--- GIVEN RECORDS ---
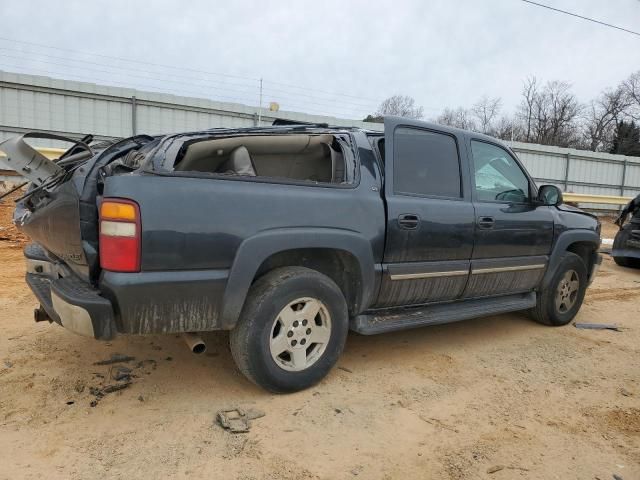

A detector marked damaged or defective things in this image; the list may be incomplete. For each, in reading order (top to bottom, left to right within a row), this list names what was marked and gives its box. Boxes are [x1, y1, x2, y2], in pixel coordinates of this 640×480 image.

damaged suv [0, 118, 600, 392]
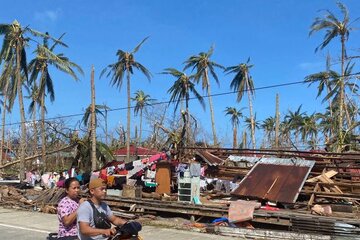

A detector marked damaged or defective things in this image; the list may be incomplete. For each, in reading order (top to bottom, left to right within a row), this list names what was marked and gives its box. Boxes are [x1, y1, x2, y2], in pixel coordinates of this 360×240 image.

damaged roof [232, 158, 314, 203]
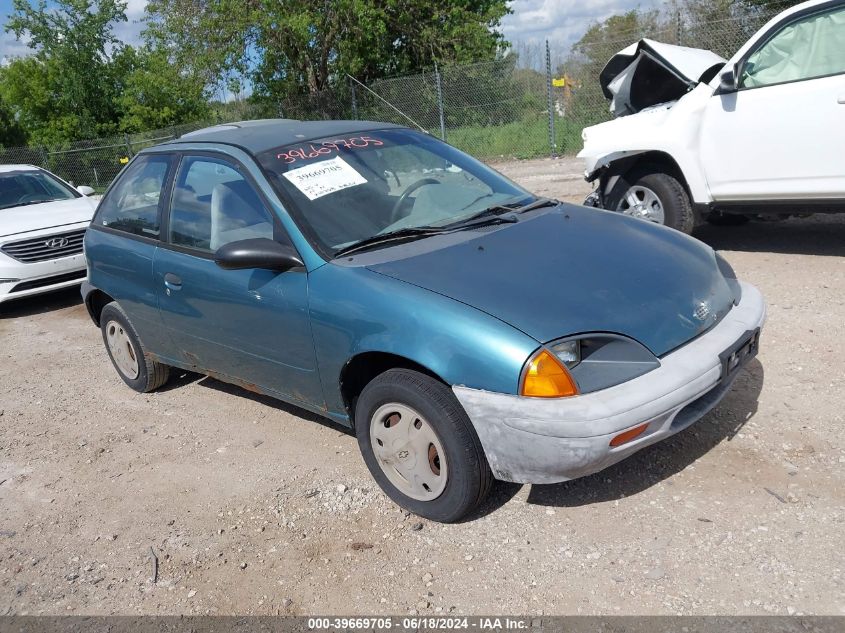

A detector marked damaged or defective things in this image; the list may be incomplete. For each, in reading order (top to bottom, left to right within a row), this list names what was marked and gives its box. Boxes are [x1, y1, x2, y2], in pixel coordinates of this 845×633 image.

damaged white suv [580, 0, 844, 233]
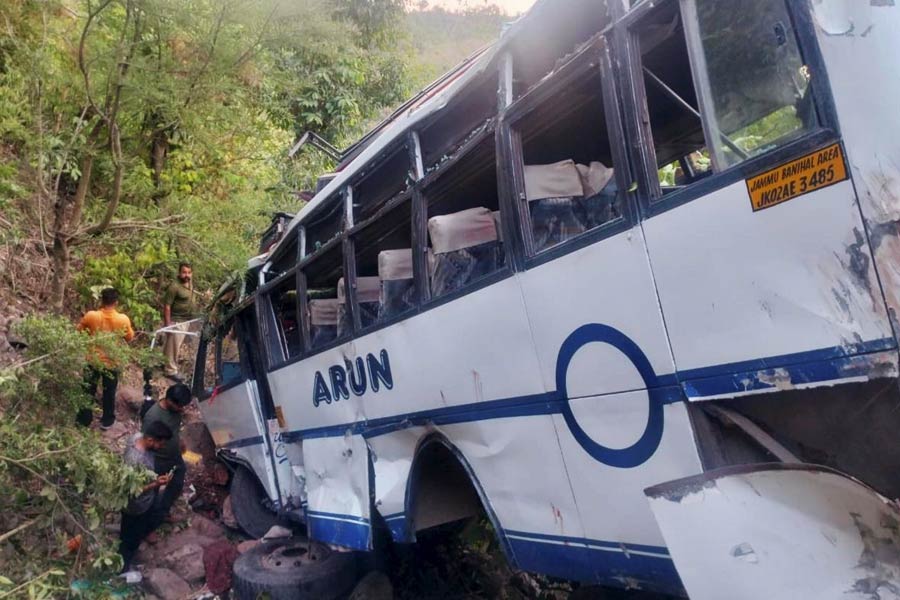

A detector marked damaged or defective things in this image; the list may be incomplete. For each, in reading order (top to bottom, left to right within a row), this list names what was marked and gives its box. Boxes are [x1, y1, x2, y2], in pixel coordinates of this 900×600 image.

detached tire [229, 464, 282, 540]
detached tire [232, 536, 358, 596]
damaged white bus [193, 2, 900, 596]
dented bus panel [197, 0, 900, 592]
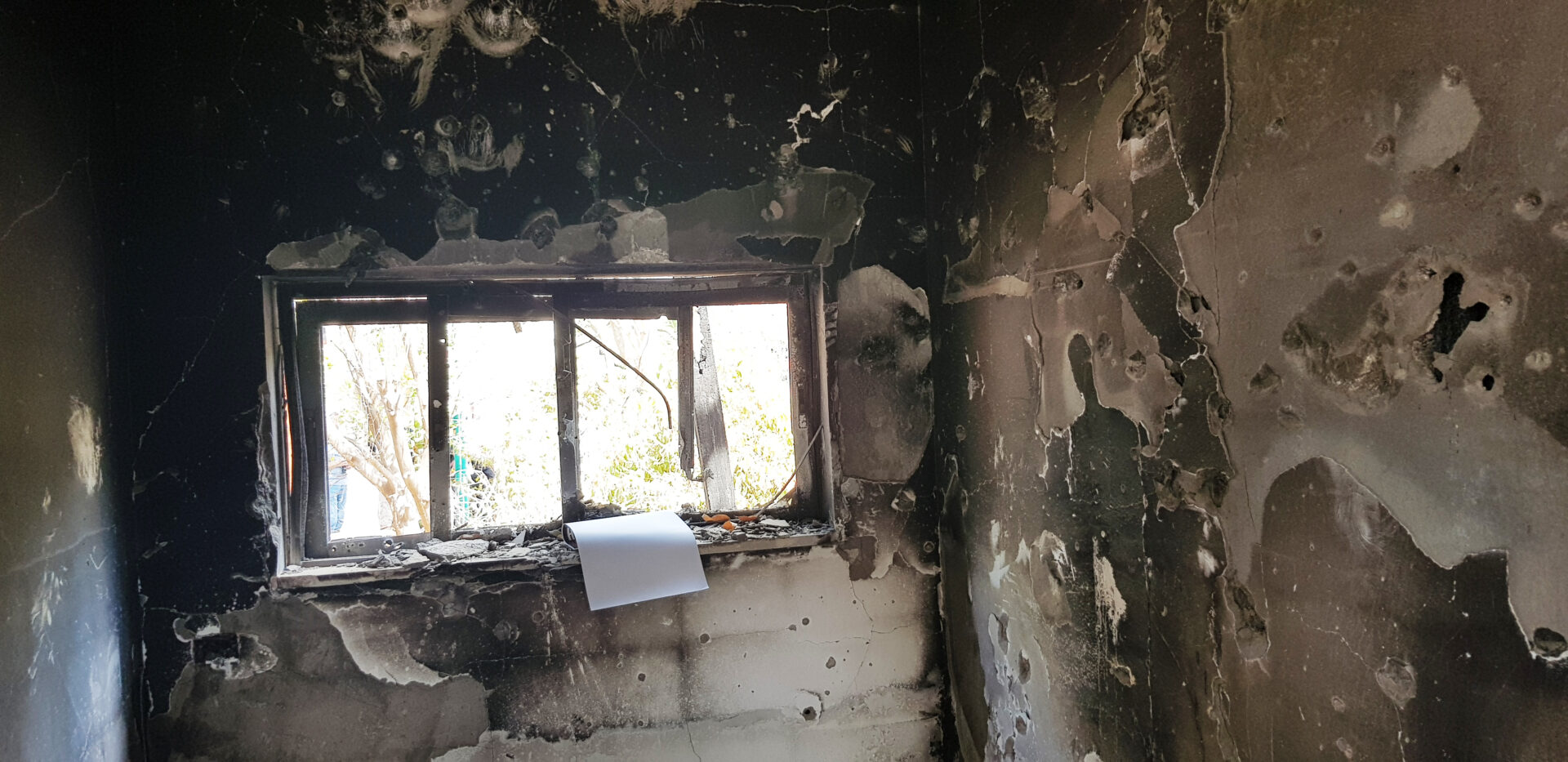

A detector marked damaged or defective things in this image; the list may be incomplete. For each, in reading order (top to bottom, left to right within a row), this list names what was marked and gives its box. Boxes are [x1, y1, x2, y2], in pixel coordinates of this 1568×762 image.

charred wall [0, 2, 131, 759]
damaged wall surface [0, 7, 131, 762]
damaged wall surface [107, 1, 941, 762]
charred wall [110, 2, 941, 759]
burnt window frame [260, 265, 834, 567]
broken window [266, 268, 834, 564]
burnt wooden frame piece [263, 265, 840, 567]
damaged wall surface [921, 0, 1568, 755]
charred wall [921, 0, 1568, 755]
---
*YOUR TASK*.
Lines before the one containing "this 1568×762 image." are not wanted; please set down that line and every line after it through the end of the material, exactly.

*SOLUTION TO THIS PROBLEM*.
A detector marked damaged or defective things in this image; the list may be incomplete. For each, in reading order (top to bottom, left to right within a row), this list names what was marked and gives its box. Boxes are [x1, y1, x2, y2], in pixel coordinates of this 1568×762 image.

charred wall [0, 2, 131, 759]
damaged wall surface [0, 7, 131, 762]
damaged wall surface [107, 1, 941, 762]
charred wall [110, 2, 941, 759]
burnt window frame [260, 265, 834, 567]
broken window [266, 268, 834, 564]
burnt wooden frame piece [263, 265, 840, 567]
damaged wall surface [921, 0, 1568, 755]
charred wall [921, 0, 1568, 755]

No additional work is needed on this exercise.